Sorge quindi spontaneo chiedersi se i lavoratori a termine siano compensati per gli effetti negativi legati alla loro condizione contrattuale, attraverso salari più alti rispetto ai lavoratori impiegati con contratti stabili. Al fine di misurare correttamente le differenze di reddito tra lavoratori occupati con diversi tipi di contratto occorre però confrontare individui il più possibile simili tra di loro. In caso contrario, le differenze di reddito potrebbero essere dovute ad altri fattori, che nulla hanno a che fare con la condizione contrattuale. Per esempio, la maggior parte dei contratti a termine si riscontra tra i giovani lavoratori, i quali essendo all’inizio della carriera lavorativa ricevono salari in media più bassi, indipendentemente dal tipo di contratto. La differenza salariale che emerge dal confronto tra lavoratori stabili e lavoratori a termine potrebbe quindi essere in parte dovuta a semplici differenze di età, e non al tipo di contratto. Tra gli altri fattori che potrebbero confondere l’analisi troviamo per esempio il genere e la regione geografica di residenza.

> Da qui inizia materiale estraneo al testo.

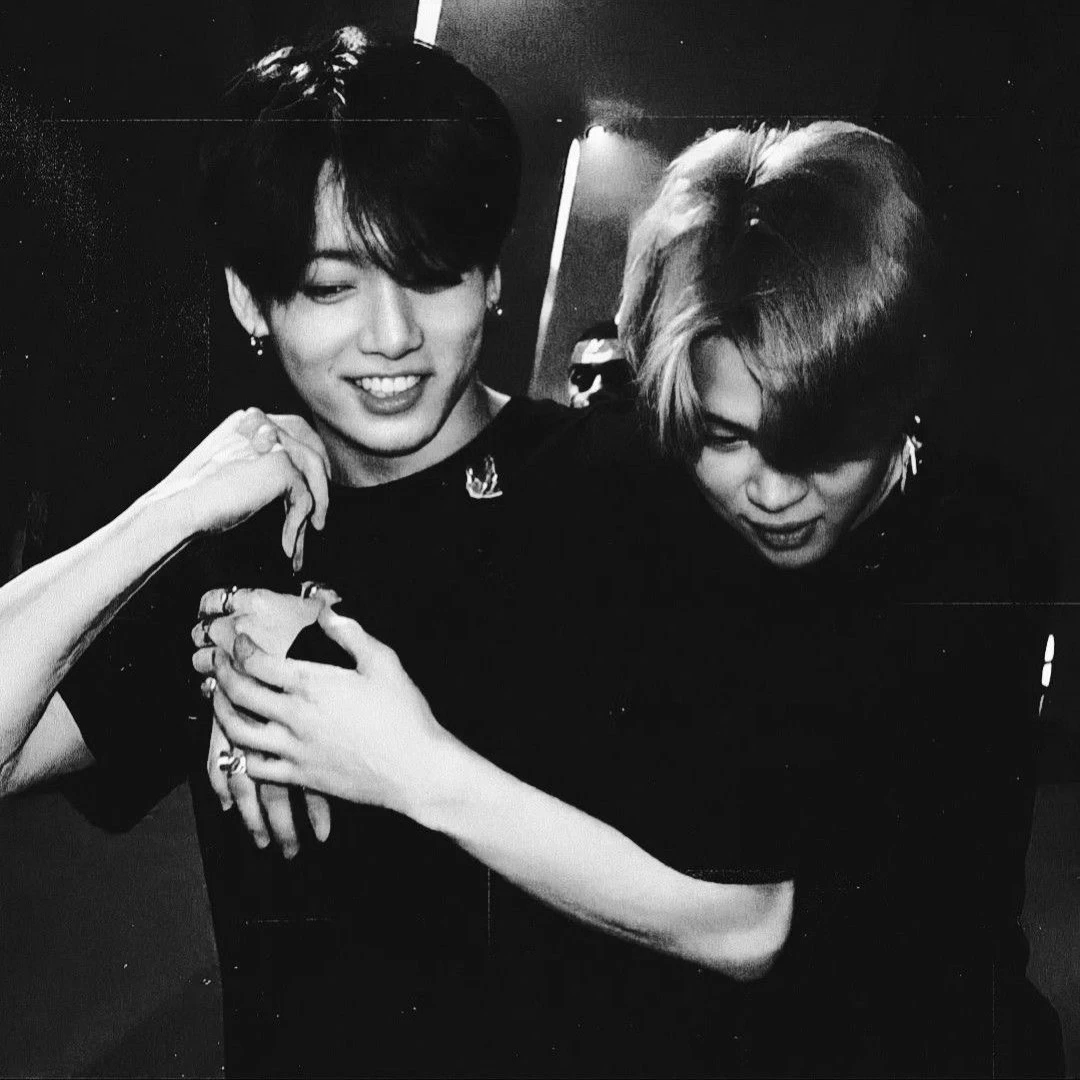 Jungkook y Jimin. thumbnail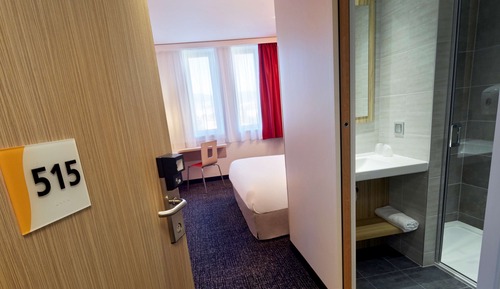 Standard Room, 2 Twin Beds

I numeri che vengono spesso citati nel dibattito pubblico non tengono in conto di questi aspetti, e sono quindi il risultato di un confronto che viene fatto tra persone molto diverse tra loro, non solo per il tipo di contratto con il quale sono impiegate. Utilizzando i dati Inps per il periodo che va dal 2005 al 2019 e distinguendo semplicemente tra lavoratori impiegati con diversi tipi di contratto, troviamo come in media i lavoratori a tempo indeterminato ricevano in effetti uno stipendio lordo più alto di circa il 37 percento rispetto ai loro colleghi impiegati con contratti a termine (il salario fa riferimento al reddito trimestrale). Come conferma il prospetto pubblicato qui sotto.

Fonte: INPS - Osservatorio sui lavoratori dipendenti del settore privato, novembre 2022

Confrontando però il salario di persone con le stesse caratteristiche demografiche – confrontando quindi giovani con giovani, per esempio – emerge come le differenze salariali siano meno marcate. In media, la differenza nel salario lordo tra un lavoratore impiegato con un contratto stabile e uno stesso identico lavoratore – per età, genere e regione geografica di residenza – impiegato con un contratto a termine è del 20 percento. 

Benché con le stesse caratteristiche demografiche, i lavoratori potrebbero però anche differire per il loro livello di produttività/abilità. Per misurare in modo corretto le differenze di reddito tra lavoratori stabili e lavoratori precari occorre quindi confrontare non solo lavoratori con le stesse caratteristiche demografiche, ma anche lavoratori con lo stesso identico livello di produttività. La misurazione effettuata in questo modo evidenza come i lavoratori a tempo determinato ricevano in media un salario più alto di circa il 30 percento, rispetto agli stessi identici lavoratori impiegati con un contratto a tempo indeterminato (maggiori dettagli sulla misurazione sono disponibili in questo studio). 

Misurando le differenze di reddito in maniera corretta, emerge quindi come in Italia i lavoratori a termine siano in media compensati per la maggiore incertezza legata alla loro condizione occupazionale. Questo risultato, da tenere in conto nel dibattito pubblico, non esaurisce la necessità di intervenire in maniera puntuale laddove le forme di contratto a termine siano impiegate dalle imprese in forma impropria, e cioè con il solo obiettivo di non investire sulla propria forza lavoro.